Opposition defence spokesman Phil Goff has demanded Defence Minister Jonathan Coleman condemn the defence force's definition of investigative journalists as "subversives".
A leaked NZ Defence Force security manual cites three main "subversion" threats it needs to protect itself against: foreign intelligence services, organisations with extreme ideologies and (brace yourself!) "certain investigative journalists"... highlighting people who acquire classified information to "bring the Government into disrepute".
Recently, investigative journo Nicky Hager reported our military asked US spy agencies to monitor the phone calls of Kiwi journalist Jon Stephenson, while he was in Afghanistan reporting on the war. Phil Goff says he also expects the govt to apologise for this.
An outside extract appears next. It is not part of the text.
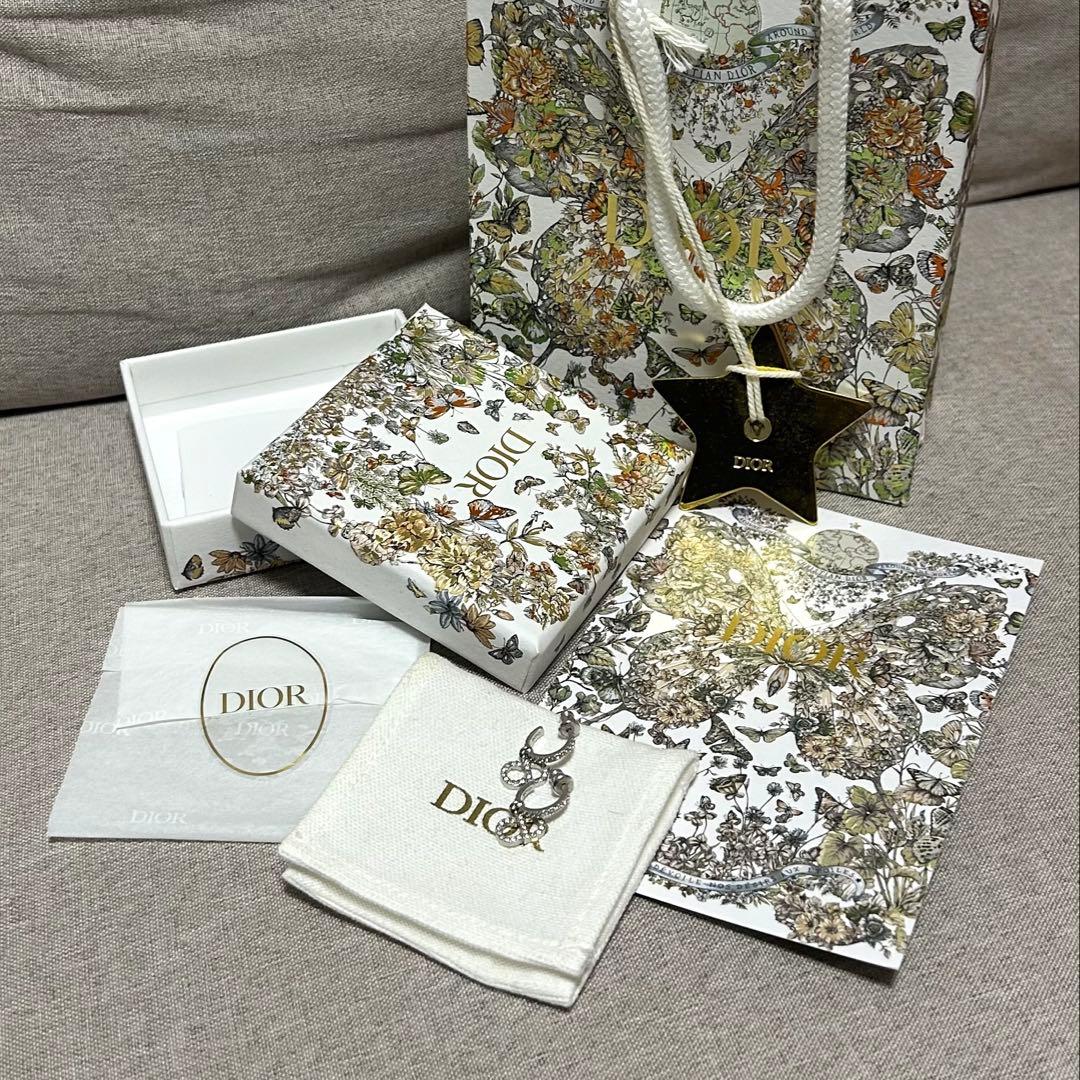 DIOR Clair D Lune ピアス　シルバー 美品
Minister Coleman says the "subversives" policy had been in place since 2003 - when Labour was in power - and was intended to protect soldiers on operations. Goff (defence minister from 2005-2008) claims he was unaware of this, and also says he'd never known an instance where a NZ journalist knowingly put at risk the safety or wellbeing of NZ soldiers. Well, he must've forgotten the NZ Herald publishing in 2010 a clear non-pixelated photograph of our Victoria Cross recipient, SAS Corporal Willie Apiata on patrol in Kabul. This action spurred the NZ Defence Force to withdraw him from active service, which in turn made him decide to leave the full-time military.
Having served myself, I fully understand the need for national security, and especially operational silence. Bringing back a 'D-Notice' would provide more control over sensitive information. Otherwise, why not work together with media on general and transparent issues? That is far preferable to labelling them "subversives" and stirring up a hornets' nest!